Lyn Smith told BBC Radio 5 Live the action taken by Google and Microsoft was a "good thing".
But she feared they would be unable to rid the internet of the images totally.
As many as 100,000 search terms will now return no results that find illegal material, and will trigger warnings that child abuse imagery is illegal
Prime Minister David Cameron has welcomed the move but said it must be delivered or he would bring forward new legislation.
But child protection experts have warned most images are on hidden networks.
The issue of online images showing the sexual abuse of children has made headlines in recent months after the convictions of Stuart Hazell and Mark Bridger for the murders of Tia Sharp and April Jones.
Both Hazell, who was jailed for a minimum of 38 years for Tia's murder, and Bridger were known to have sought out and viewed child abuse images online.
Bridger was sentenced to life for April's murder. Her body has never been found despite extensive searches by police.
Speaking to presenter Tony Livesey on BBC Radio Five Live, Mrs Smith welcomed Mr Cameron's involvement.
"I think it's a good thing that something eventually is being done," she said.
"I don't know if it's enough but it's a start. I'm glad David Cameron has got involved in this.
"It shouldn't be allowed at all on any of the search engines anywhere. I just don't think you'll ever really get rid of any of it ever, totally, but it's a start."
Mrs Smith was asked how her family was coping more than a year on after April's murder.
"We're getting there slowly," she said.
"It's been difficult, obviously, but we have to cope. We'll never forget the memory of April but we do have to move on to a certain degree because there are other children involved. We have to be there for them.

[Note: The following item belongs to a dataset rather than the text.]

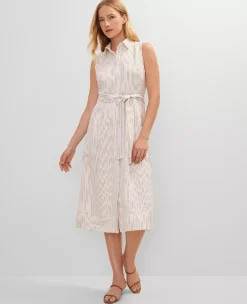 Petite Striped Flare Midi Shirtdress with Self-Tie Belt - Neutral Combo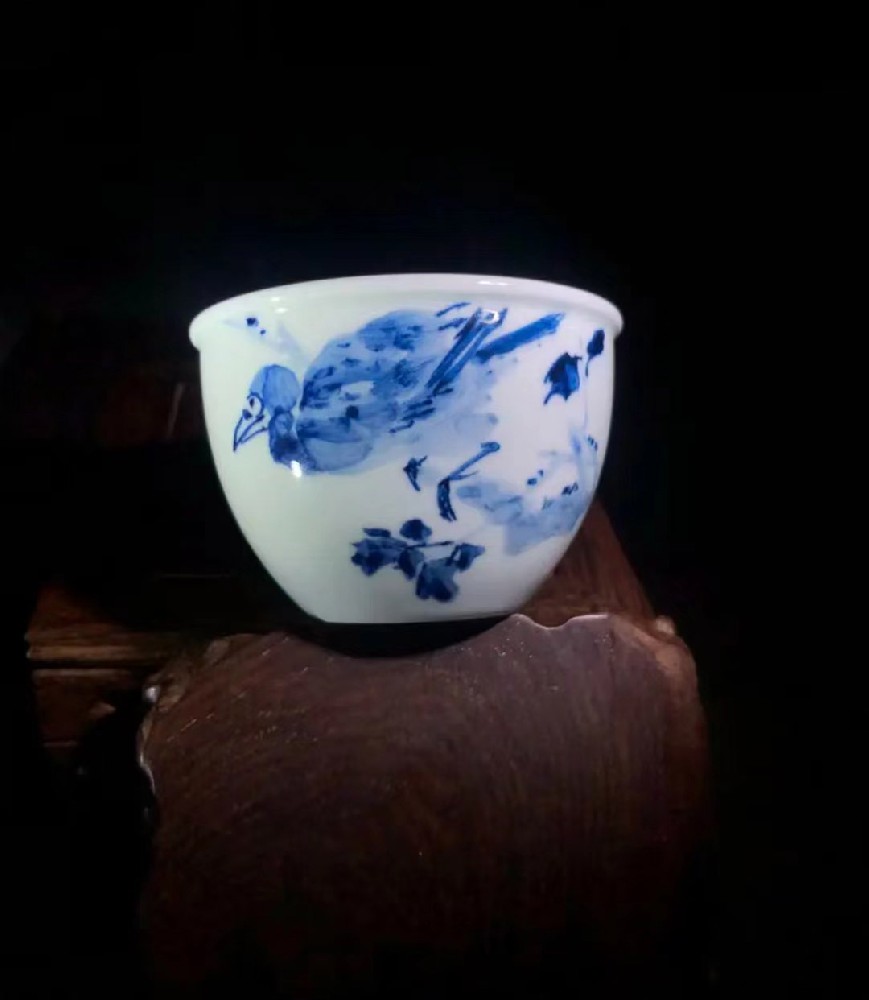 陶瓷纯手工手绘国画大写意青花主人缸杯柴窑全手工釉下青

"Coral and Paul are obviously working to get April's law going which is all part of this Google internet thing, I believe."
In July, Mr Cameron called on Google and Microsoft's Bing - which together account for 95% of search traffic - to do more to prevent people getting access to illegal images.
He said they needed to ensure that searches which were unambiguously aimed at finding illegal images should return no results.